To diagnose an esophageal stricture doctors will probably perform two or more of the following tests:

  • Esophagoscopy: In this test doctors use a camera called an esophagoscope to visualize the esophagus. This can be performed awake, in the doctor’s office, with a thin camera passed through the nose or under sedation, in an operative suite, with the camera passed through the mouth. In either case, the entire esophagus is visualized, allowing for evaluation for a possible stricture.
  • Esophageal Manometry: An esophageal manometry measures the rhythmic muscle contractions, and the coordination and force exerted by the muscles, that occur in the esophagus when a person swallows. During this test, a thin, flexible tube (catheter) that contains sensors is passed through the nose, down the esophagus, and into the stomach. (The throat and nose are numbed for this test.) Patients will be asked to take small sips of water and swallow on command during the test.
  • Modified Barium Swallow Study (MBS): During this test patients are asked to swallow a variety of substances that are coated with barium, a whitish paste that lights up during an X-ray, enabling the examiner to determine how well these substances are moving through the mouth, pharynx, and esophagus. The test will show if the upper esophageal sphincter is not relaxing or if foods or liquids are blocked as they pass through the esophagus.
  • Flexible Endoscopic Evaluation of Swallowing (FEES): FEES is an instrumental examination of swallowing that allows the examiner to view food and liquid as it passes through the throat. Doctors pass a small flexible fiberoptic scope through the nose and hold it above the larynx to view the swallow.
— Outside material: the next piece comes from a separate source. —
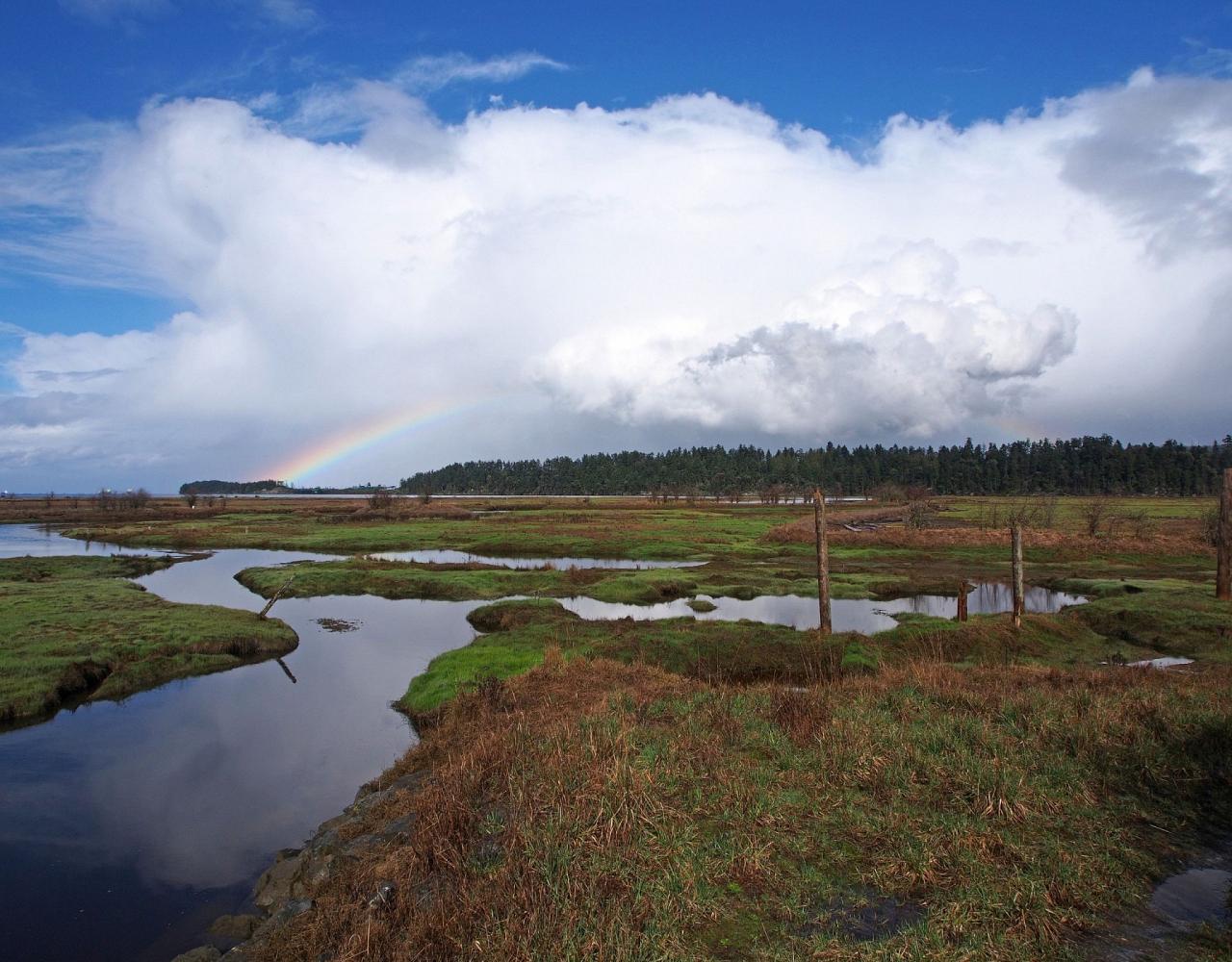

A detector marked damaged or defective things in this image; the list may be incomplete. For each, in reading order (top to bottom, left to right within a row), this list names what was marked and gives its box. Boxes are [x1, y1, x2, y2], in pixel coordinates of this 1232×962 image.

How are esophageal strictures treated?

Treatment for an esophageal stricture depends on its causes and severity. Two important considerations in determining the best treatment for each patient are ensuring that he or she receives adequate nourishment and reducing his/her risk of pneumonia or other pulmonary infections. Treatment may include:

  • Esophageal Dilation: In this procedure, the doctor uses an endoscope equipped with a dilating balloon or plastic dilator to stretch or dilate the esophagus. If the esophageal stricture is severe, doctors may dilate it gradually through repeated procedures.
  • Medical management: If a stricture is related to gastroesophageal reflux disease (GERD), doctors will treat the condition with reflux medications.
  • Feeding Tube: In most severe cases, a stricture can lead to an inability to eat or drink completely or not enough to maintain proper nutrition. In these cases, a feeding tube is placed.